Len Davis


Len Davis is a former New Orleans police officer. He was convicted of depriving civil rights through murder by conspiring with an assassin to kill a local resident.

Police career

Davis was known in the community as "Robocop" due to his large size and the "Desire terrorist" due to his aggressive policing style. He had a reputation as both a good and bad cop. He had been suspended six times and received 20 complaints between 1987 and 1992 while subsequently receiving the department's Medal of Merit in 1993.
Due to significant corruption within the New Orleans police department, the FBI had set up a sting in 1994, catching Davis in a cocaine protection operation.

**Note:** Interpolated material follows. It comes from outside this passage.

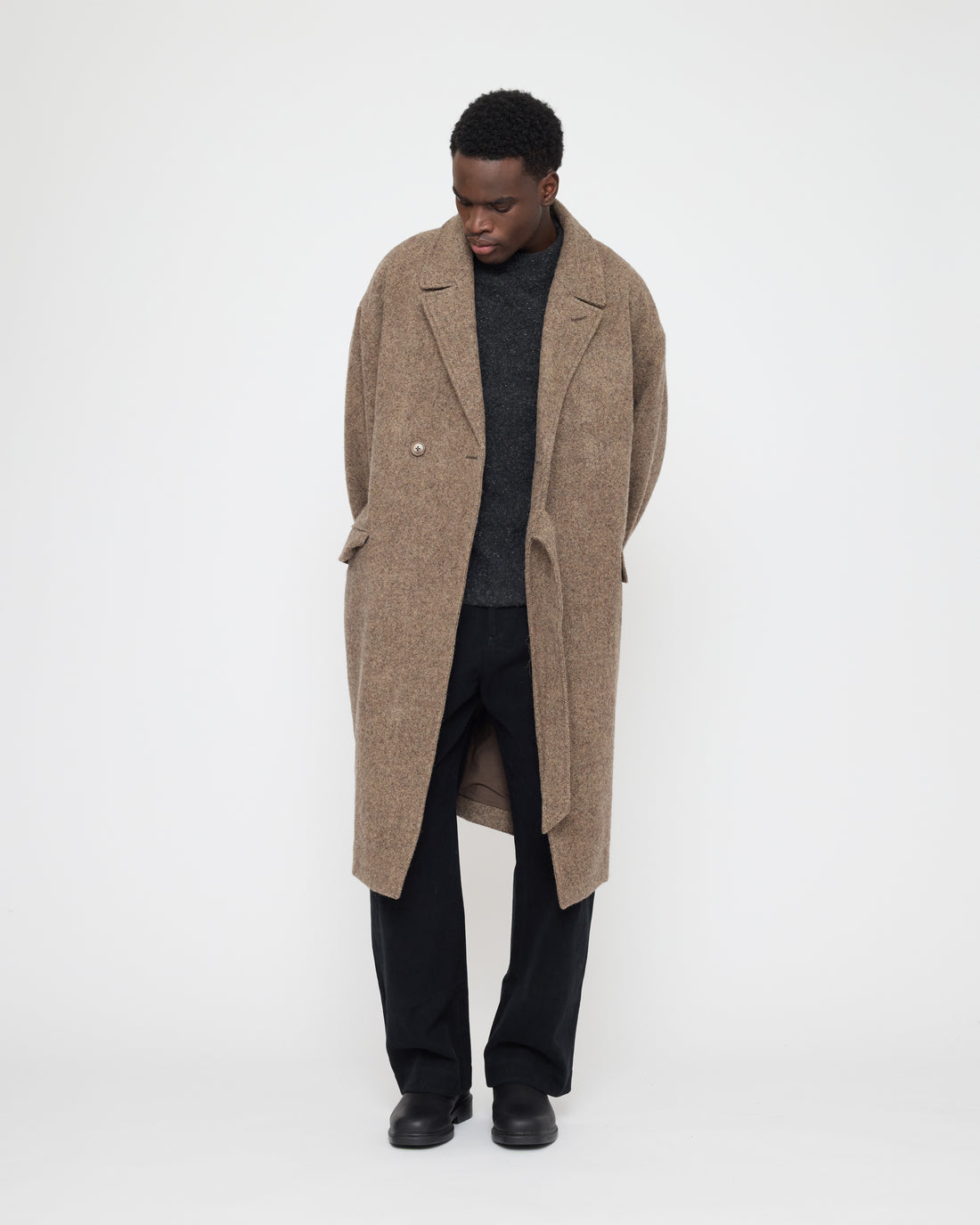 Blazer Wrap Coat - FW26 - Herringbone Clay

Davis had come to the attention of federal investigators for extorting bribes and offering protection to a drug dealer who was a federal informant. Nine other police officers, including two who would later testify against Davis, were indicted in the cocaine operation. Twenty additional officers were implicated in the scheme but the investigation had to be aborted with the murder of Kim Groves. Davis would later be convicted of additional drug-related charges while the other officers pleaded guilty.

Murder of Kim Groves

In 1994, Davis beat a young man in New Orleans, mistaking him for a suspect in a police officer's shooting. Kim Groves, a 32-year old local resident and mother of three young children, witnessed the assault and filed a complaint with the New Orleans police department. Davis conspired with a local drug dealer, Paul Hardy, to retaliate. Hardy shot and killed her on October 14, 1994, less than one day after she filed the complaint. A third man, Damon Causey, hid the murder weapon, a 9 mm pistol.

Trial and conviction

Davis was convicted in 1996 on two federal civil rights charges for directing Hardy to murder Groves and for witness tampering. Davis was initially sentenced to death on April 26, 1996. The 5th Circuit, however, reversed his death sentence when his conviction for witness tampering was thrown out. A subsequent jury also chose the death penalty for Davis, and he was formally sentenced to death again on October 27, 2005. Davis is currently on federal death row and is imprisoned in United States Penitentiary, Terre Haute, Indiana.
Hardy was convicted of conspiracy to violate Groves' civil rights and of witness tampering. The witness tampering conviction would be later overturned. He was initially sentenced to death, but in 2011 his sentence was commuted to life when he was found by a judge to be mentally retarded.
Causey was convicted of federal conspiracy charges and violating Groves' civil rights. He was sentenced to life imprisonment after rejecting a plea bargain that instead would have sentenced him to prison for six to nine years. His conviction was upheld on appeal.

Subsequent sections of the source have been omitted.